プリシラの両手はいつの間にか汗でびっしょりとなっていた。ルミオが気づいて心配する。

「大丈夫ですか、プリシラさん?」

「大丈夫、ありがとう」

ハルシウスは依然としてのほほんとしている。

「それにしても護衛軍なのにこんな所に居るんじゃな」

「護衛軍は全部で十人しかいない。それでも軍隊レベルの強さだから護衛軍なんて呼ばれてるの。実際に王の護衛を常にしているのは二、三人だけで他の奴らは仕事を掛け持ちしたり、王からの依頼を受けて動き回ってるから、あいつも多分そうなんだと思う」

「うむ、確かに強いのはビリビリと伝わってきたぞ。わしには及ばぬが久しぶりにゾクゾクしたわ」

かっかっかと甲高く笑う。その背中から微かに漏れ出すどす黒く、純粋な黒の魔力を見てルミオは背筋がぞくりとした。
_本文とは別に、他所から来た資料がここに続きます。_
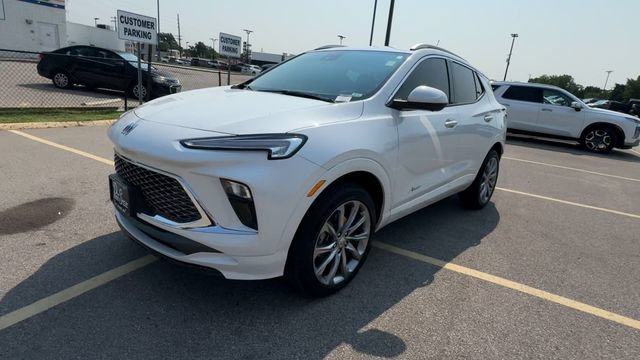 Used 2026 Buick Encore GX Avenir w/ Avenir Technology Package AWD/4WD image 4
「文字を読めない人もいるし、情報が回ってない人もたくさんいる。だから護衛軍の事を知らない人なんていくらでもいるんだよね。寧ろ間違った噂の方が早く広まっているかも。やつらの中にはその地位と実力を利用して横暴を働くやつも居るから、さっきみたいな感じでこそこそと馬鹿にしてたらいつの間にか首が飛んでた、なんてこともあったらしいよ」

プリシラはすっかりいつも通りのつまらなそうな顔に戻り、腕に巻き付くベリトの頭を撫でる。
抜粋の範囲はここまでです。